>want to keep drinking
>mummy is in the living room and will shout at me if she sees me walk past with alcohol
just let me kill myself in peace mummy
>want to keep drinking
>mummy is in the living room and will shout at me if she sees me walk past with alcohol
just let me kill myself in peace mummy
>Go to kitchen
>grab some pop
>Pour glass of pop
>Fill glass halfway with alcohol
>Walk past without getting harrassed
>Enjoy drinkies
Tuck it in your pants.
I'd throw you out desu
>calling soda pop
Ok Tyrone/jose
why? i'm a good boy. i work hard. i make mummy and daddy proud
ok boomer
>not soft drink
who the fuck refers to all soft drinks as "coke"

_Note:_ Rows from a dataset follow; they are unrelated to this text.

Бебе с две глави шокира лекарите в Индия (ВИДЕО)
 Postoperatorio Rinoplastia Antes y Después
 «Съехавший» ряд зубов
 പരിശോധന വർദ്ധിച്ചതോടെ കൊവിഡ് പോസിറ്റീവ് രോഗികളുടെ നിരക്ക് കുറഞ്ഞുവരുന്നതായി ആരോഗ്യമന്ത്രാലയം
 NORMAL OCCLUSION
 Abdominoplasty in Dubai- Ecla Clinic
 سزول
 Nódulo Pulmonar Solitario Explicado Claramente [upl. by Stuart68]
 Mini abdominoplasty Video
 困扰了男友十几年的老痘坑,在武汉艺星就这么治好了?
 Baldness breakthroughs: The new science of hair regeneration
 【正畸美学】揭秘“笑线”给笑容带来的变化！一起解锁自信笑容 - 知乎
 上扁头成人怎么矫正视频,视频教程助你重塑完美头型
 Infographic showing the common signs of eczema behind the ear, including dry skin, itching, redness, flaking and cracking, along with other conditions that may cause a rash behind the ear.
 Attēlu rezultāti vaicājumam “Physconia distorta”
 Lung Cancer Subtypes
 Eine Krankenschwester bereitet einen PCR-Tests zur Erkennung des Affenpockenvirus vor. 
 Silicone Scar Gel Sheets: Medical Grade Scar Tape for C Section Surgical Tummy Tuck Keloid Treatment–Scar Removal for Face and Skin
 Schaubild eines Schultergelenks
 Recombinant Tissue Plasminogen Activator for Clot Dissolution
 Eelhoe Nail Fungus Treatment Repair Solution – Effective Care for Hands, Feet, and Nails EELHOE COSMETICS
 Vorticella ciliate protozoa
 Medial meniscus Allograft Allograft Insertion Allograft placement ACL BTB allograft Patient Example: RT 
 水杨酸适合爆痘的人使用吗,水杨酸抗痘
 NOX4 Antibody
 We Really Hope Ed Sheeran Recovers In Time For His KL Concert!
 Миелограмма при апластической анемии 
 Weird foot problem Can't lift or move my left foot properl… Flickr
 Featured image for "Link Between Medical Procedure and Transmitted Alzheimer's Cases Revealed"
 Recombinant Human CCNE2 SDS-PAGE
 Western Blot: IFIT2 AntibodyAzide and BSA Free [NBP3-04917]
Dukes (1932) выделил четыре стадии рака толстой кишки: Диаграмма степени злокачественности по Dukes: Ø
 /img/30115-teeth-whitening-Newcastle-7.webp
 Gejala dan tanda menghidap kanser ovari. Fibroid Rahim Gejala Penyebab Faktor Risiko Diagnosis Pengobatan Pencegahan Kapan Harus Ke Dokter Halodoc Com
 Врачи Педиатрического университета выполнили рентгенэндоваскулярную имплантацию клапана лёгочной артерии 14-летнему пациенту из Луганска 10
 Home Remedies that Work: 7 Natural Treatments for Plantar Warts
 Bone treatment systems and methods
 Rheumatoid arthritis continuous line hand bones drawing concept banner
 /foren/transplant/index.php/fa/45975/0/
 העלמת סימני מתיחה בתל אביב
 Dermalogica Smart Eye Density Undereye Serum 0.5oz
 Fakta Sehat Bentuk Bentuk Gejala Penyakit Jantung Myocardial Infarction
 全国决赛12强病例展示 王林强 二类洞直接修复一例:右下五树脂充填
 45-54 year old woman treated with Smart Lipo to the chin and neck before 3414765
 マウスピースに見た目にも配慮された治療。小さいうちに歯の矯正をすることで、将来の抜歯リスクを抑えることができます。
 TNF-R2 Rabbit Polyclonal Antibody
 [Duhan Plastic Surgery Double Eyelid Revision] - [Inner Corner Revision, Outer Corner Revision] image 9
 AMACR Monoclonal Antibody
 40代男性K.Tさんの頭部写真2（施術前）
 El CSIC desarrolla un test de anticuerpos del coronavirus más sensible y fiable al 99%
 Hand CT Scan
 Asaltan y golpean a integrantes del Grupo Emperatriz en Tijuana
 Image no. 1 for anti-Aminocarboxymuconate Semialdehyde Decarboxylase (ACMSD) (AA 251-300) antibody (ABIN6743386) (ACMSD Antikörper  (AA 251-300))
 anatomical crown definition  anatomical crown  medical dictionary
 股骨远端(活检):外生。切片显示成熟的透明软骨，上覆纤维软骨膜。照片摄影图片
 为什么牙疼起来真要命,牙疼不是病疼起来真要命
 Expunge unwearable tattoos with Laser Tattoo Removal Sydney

>mom tells me to watch my drinking
>aunt tells her to leave me alone
Who's alcohol are you drinking, theirs or yours? Are you legal age? If you're of age and have money and can't figure out a way to drink on the DL at your parents house you might be retarded
>calling soft drinks soda
>soda
>coke
does living close to the ocean literally make you homosexual or something
Its soda water you fucking mongrels. Pop is some 50's kiddie shit. 'Oh it pops wow! Lets call it pop!' Dumb fucking ingrates dont know jack or shit.
t. CT
>implying coke niggers
Get FUCKING bent you disgusting troglodytes.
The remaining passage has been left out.